**What the exercise asks**
Exactly as written, output the lines below starting from the first and ending with the line that contains "In this tutorial"; omit pictures.

**Information**
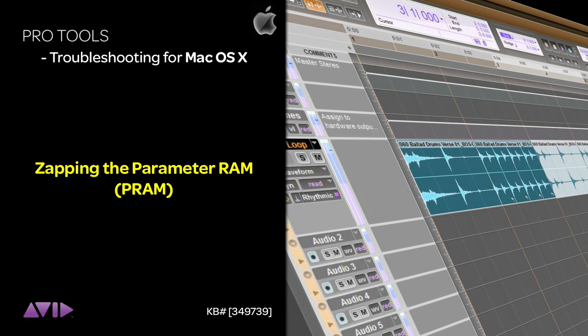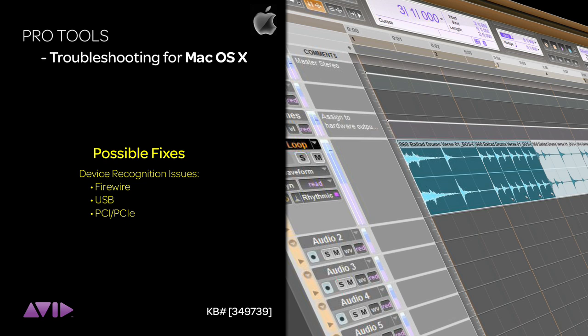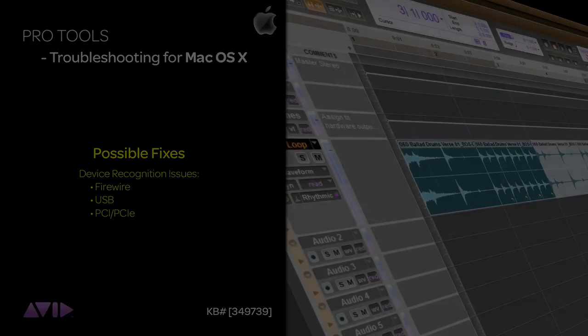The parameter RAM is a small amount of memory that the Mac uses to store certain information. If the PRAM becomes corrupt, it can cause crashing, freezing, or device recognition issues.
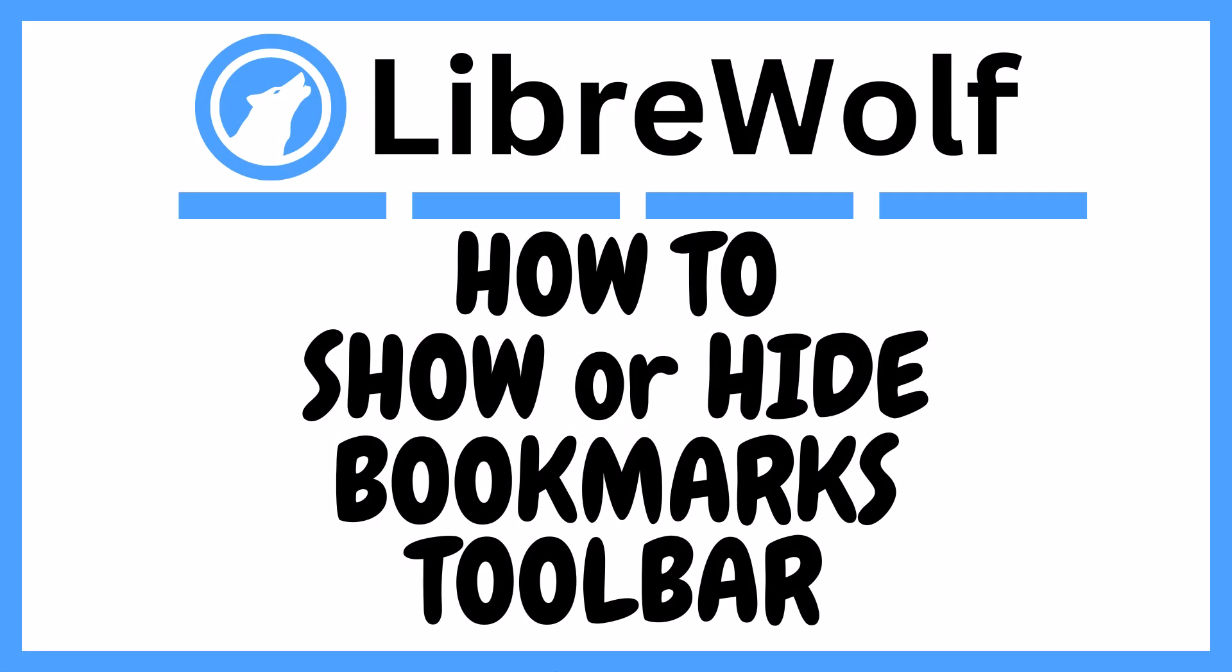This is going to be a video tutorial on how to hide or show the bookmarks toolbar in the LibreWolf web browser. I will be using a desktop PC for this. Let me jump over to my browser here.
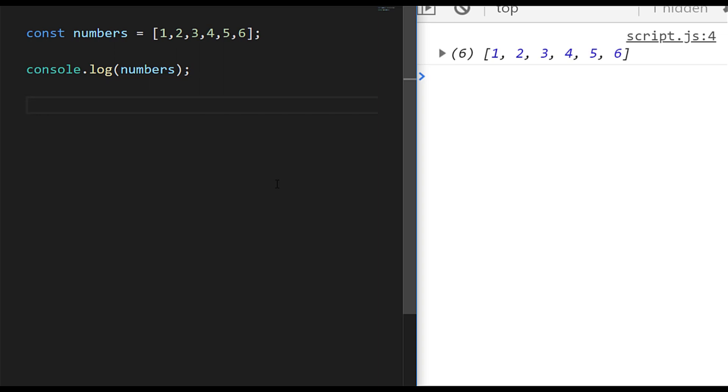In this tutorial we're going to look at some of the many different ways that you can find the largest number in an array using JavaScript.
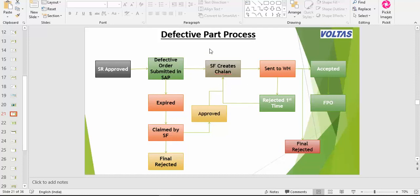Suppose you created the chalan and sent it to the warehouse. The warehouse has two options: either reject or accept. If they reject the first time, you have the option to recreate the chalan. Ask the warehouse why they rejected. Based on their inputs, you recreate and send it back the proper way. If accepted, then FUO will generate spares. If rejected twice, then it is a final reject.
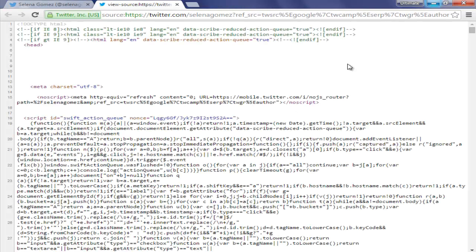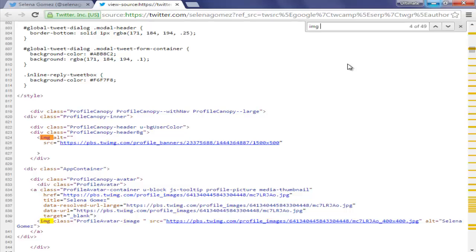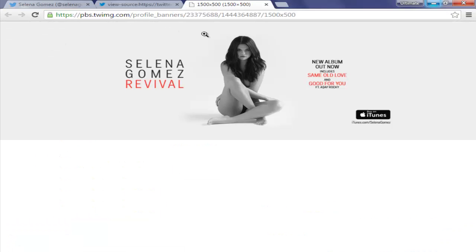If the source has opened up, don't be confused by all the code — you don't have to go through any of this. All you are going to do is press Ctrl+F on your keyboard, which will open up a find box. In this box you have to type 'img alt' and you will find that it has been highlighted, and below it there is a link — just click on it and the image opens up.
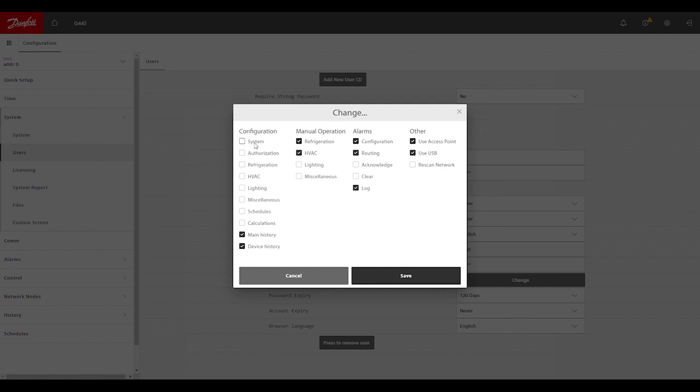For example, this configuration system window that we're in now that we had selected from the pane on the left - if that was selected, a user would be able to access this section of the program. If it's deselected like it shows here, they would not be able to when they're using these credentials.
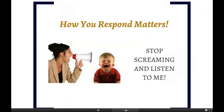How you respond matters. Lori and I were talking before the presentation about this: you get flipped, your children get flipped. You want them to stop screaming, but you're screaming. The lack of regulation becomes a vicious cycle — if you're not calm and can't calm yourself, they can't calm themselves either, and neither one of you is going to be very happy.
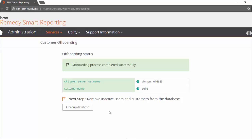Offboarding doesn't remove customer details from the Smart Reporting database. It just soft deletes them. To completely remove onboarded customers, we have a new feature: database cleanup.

**Final answer**
The parameter RAM is a small amount of memory that the Mac uses to store certain information. If the PRAM becomes corrupt, it can cause crashing, freezing, or device recognition issues.
This is going to be a video tutorial on how to hide or show the bookmarks toolbar in the LibreWolf web browser. I will be using a desktop PC for this. Let me jump over to my browser here.
In this tutorial we're going to look at some of the many different ways that you can find the largest number in an array using JavaScript.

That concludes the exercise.